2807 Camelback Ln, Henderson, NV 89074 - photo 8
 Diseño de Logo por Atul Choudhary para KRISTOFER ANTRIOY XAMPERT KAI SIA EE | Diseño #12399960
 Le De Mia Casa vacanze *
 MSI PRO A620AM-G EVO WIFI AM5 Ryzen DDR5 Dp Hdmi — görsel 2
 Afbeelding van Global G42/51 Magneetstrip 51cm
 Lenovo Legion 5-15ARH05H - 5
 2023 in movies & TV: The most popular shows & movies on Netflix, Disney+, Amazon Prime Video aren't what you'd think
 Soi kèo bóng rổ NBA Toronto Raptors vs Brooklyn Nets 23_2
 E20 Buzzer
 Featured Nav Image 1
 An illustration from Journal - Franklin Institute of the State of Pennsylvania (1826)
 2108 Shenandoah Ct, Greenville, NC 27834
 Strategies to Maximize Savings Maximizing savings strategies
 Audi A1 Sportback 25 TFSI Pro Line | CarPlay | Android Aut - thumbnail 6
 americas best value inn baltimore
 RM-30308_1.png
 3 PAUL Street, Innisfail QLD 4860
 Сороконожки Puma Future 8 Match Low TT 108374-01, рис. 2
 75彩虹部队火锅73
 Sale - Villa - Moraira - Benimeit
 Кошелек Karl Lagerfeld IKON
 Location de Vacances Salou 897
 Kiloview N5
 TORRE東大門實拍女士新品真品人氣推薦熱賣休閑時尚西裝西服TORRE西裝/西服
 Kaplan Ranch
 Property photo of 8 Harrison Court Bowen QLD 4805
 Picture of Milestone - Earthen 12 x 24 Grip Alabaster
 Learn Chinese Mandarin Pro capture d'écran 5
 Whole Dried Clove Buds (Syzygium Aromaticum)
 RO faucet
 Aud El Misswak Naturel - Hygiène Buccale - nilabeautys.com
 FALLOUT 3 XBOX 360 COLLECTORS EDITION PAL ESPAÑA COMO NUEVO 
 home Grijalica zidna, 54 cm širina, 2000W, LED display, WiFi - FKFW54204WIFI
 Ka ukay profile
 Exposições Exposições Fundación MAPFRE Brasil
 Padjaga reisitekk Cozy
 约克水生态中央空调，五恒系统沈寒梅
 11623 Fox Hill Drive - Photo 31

========================================

● What the task requires:
Please write out, exactly as they appear, only the lines from the one holding "Aud El Misswak" through the end of the data.

● Your response:
 Aud El Misswak Naturel - Hygiène Buccale - nilabeautys.com
 FALLOUT 3 XBOX 360 COLLECTORS EDITION PAL ESPAÑA COMO NUEVO 
 home Grijalica zidna, 54 cm širina, 2000W, LED display, WiFi - FKFW54204WIFI
 Ka ukay profile
 Exposições Exposições Fundación MAPFRE Brasil
 Padjaga reisitekk Cozy
 约克水生态中央空调，五恒系统沈寒梅
 11623 Fox Hill Drive - Photo 31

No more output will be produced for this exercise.